** Activity **
Give every line of the records exactly, please, from the first up to and including the one containing "Sleeveless Tank Ruffle".

** Information given **
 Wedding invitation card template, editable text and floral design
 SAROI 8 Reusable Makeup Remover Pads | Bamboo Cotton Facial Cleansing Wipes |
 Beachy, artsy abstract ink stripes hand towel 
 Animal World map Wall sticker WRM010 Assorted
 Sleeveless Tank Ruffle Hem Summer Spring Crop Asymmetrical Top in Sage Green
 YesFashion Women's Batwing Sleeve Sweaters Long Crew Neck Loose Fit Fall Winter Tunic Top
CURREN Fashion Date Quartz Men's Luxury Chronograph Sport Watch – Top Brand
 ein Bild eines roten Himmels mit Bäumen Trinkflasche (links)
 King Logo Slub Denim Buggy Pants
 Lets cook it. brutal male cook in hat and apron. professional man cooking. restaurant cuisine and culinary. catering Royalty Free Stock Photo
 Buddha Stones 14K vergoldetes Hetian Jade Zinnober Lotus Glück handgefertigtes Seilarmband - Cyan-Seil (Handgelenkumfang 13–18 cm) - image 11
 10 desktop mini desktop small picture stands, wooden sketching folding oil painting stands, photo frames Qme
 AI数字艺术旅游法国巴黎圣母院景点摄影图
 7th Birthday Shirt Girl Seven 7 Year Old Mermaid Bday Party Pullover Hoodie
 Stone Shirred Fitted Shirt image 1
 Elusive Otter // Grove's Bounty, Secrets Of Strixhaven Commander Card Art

** Task result **
 Wedding invitation card template, editable text and floral design
 SAROI 8 Reusable Makeup Remover Pads | Bamboo Cotton Facial Cleansing Wipes |
 Beachy, artsy abstract ink stripes hand towel 
 Animal World map Wall sticker WRM010 Assorted
 Sleeveless Tank Ruffle Hem Summer Spring Crop Asymmetrical Top in Sage Green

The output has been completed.